_Exercise_.
Reproduce from the records below, with no pictures, exactly the lines between the one containing "Slide: The Image" and the one containing "Jars with colorful glowing liquids", inclusive.

====== Provided information ======

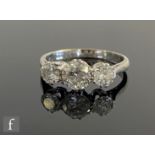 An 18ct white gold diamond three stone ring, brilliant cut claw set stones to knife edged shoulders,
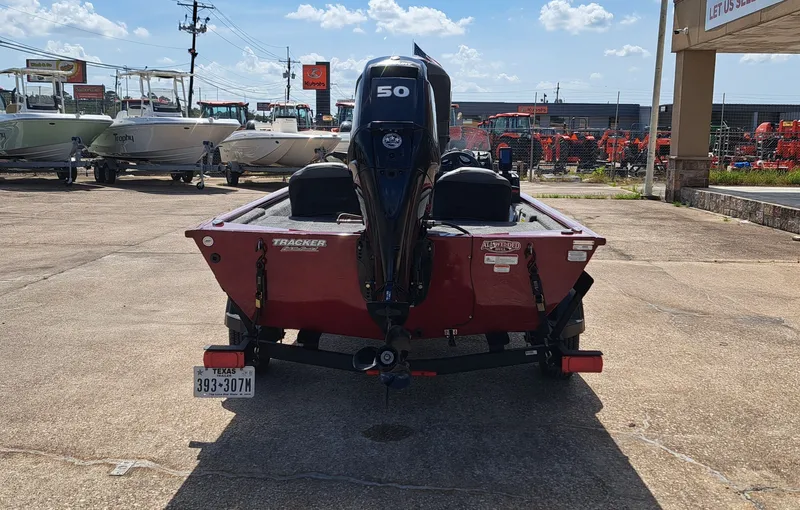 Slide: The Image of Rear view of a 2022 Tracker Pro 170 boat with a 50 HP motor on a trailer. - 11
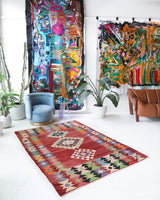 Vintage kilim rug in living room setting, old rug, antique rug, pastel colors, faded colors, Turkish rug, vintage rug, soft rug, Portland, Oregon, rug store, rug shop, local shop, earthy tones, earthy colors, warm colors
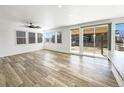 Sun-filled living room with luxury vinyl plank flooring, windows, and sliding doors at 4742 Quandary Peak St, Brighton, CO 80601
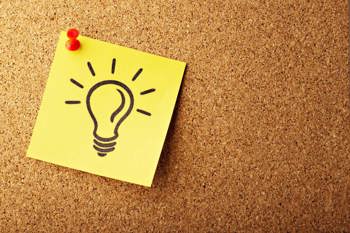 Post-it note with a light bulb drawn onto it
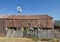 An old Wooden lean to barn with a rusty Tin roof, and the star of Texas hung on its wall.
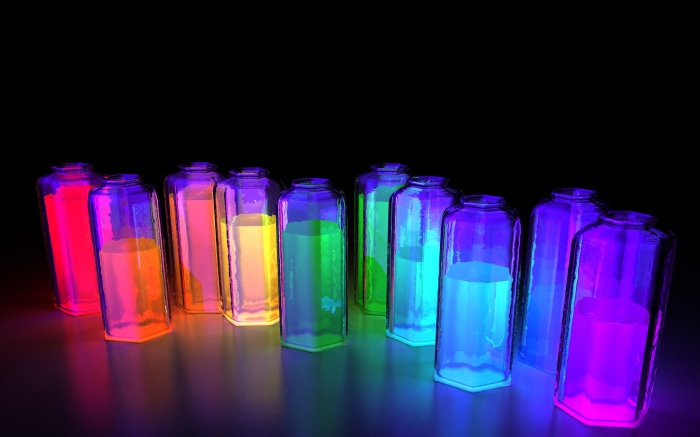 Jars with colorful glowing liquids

======
====== Provided information ======

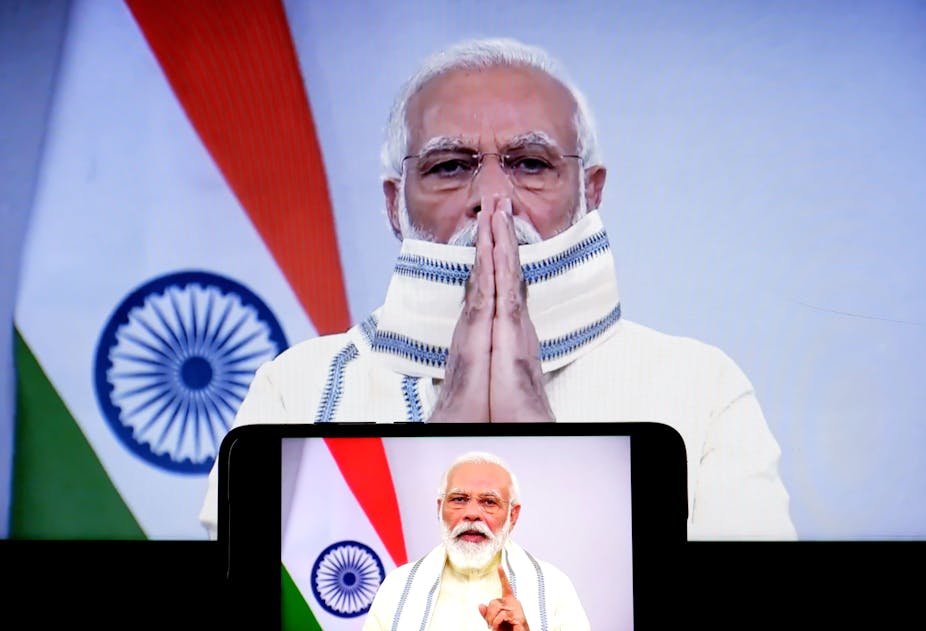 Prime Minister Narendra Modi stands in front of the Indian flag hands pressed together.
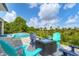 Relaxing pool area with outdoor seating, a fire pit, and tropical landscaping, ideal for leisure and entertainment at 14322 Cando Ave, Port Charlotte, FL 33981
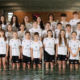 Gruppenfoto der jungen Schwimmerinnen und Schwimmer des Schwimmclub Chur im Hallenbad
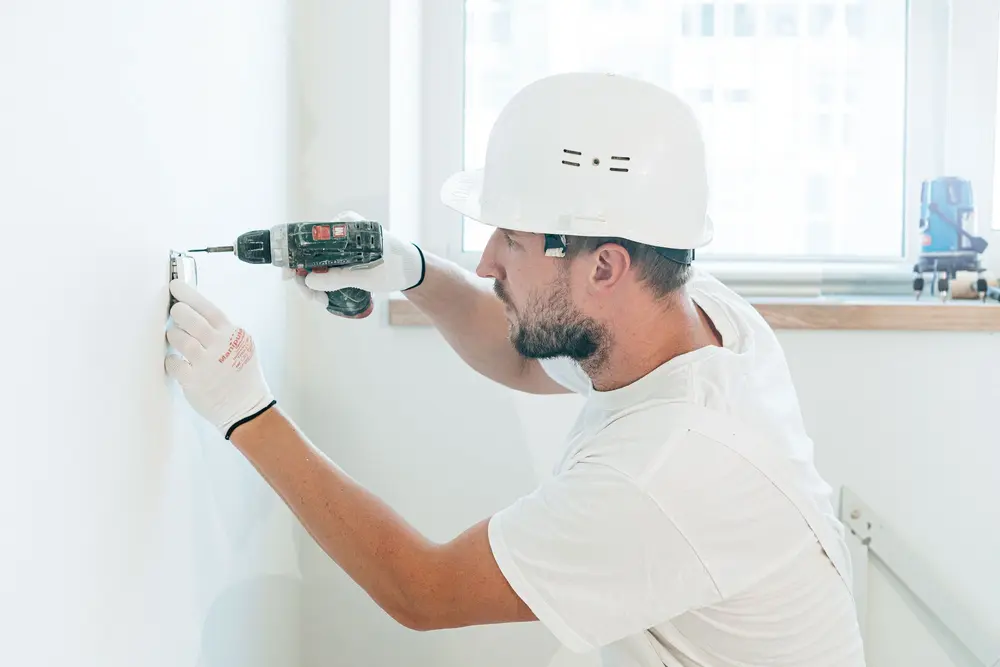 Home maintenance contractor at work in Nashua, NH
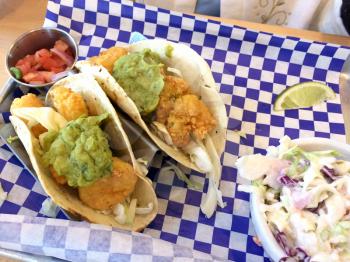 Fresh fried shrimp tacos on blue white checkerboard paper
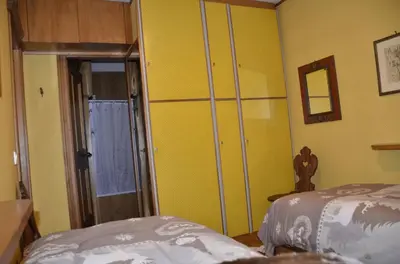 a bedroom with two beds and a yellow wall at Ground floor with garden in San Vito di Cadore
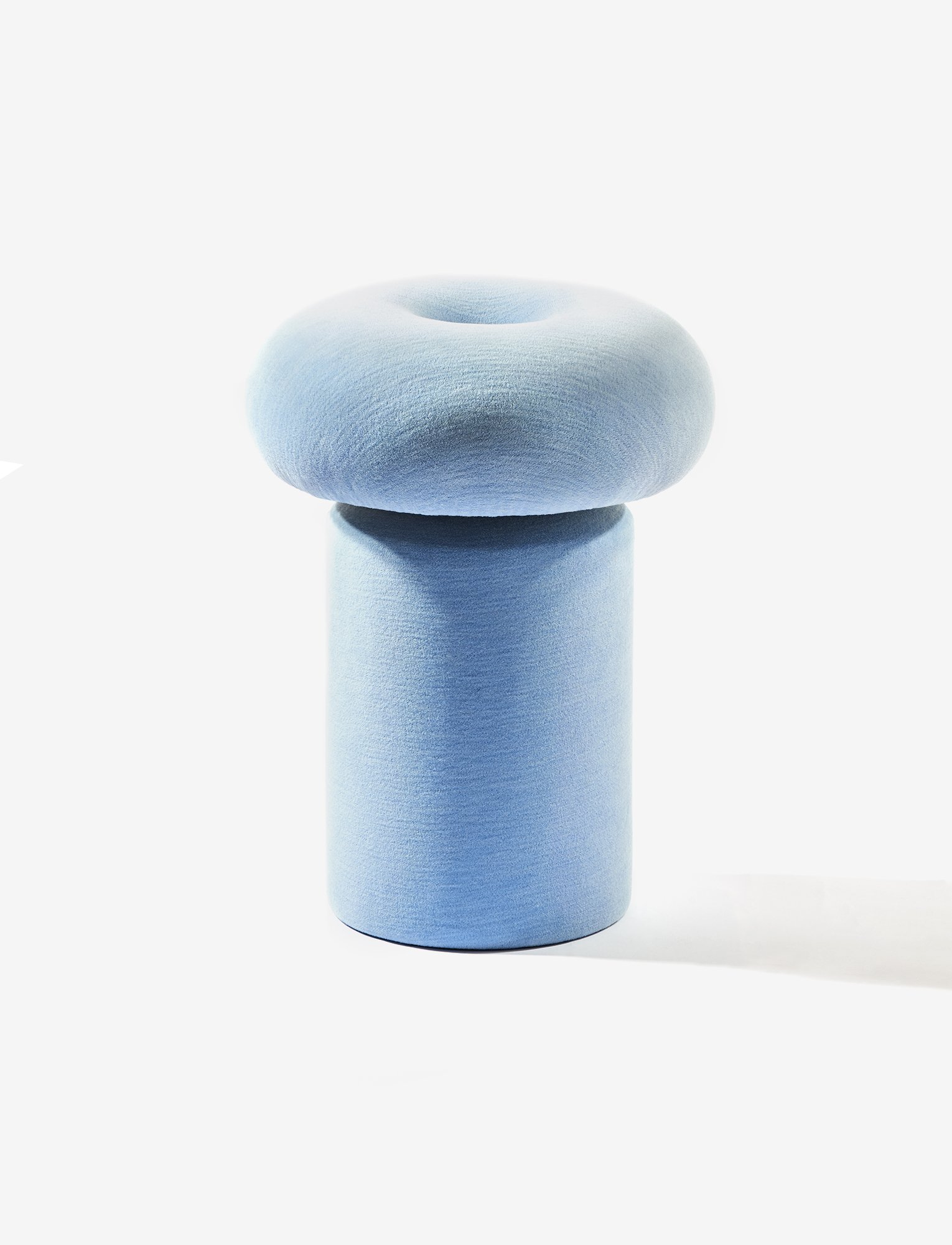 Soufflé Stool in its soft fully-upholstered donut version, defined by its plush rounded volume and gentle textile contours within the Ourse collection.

======

_Exercise output_.
 Slide: The Image of Rear view of a 2022 Tracker Pro 170 boat with a 50 HP motor on a trailer. - 11
 Vintage kilim rug in living room setting, old rug, antique rug, pastel colors, faded colors, Turkish rug, vintage rug, soft rug, Portland, Oregon, rug store, rug shop, local shop, earthy tones, earthy colors, warm colors
 Sun-filled living room with luxury vinyl plank flooring, windows, and sliding doors at 4742 Quandary Peak St, Brighton, CO 80601
 Post-it note with a light bulb drawn onto it
 An old Wooden lean to barn with a rusty Tin roof, and the star of Texas hung on its wall.
 Jars with colorful glowing liquids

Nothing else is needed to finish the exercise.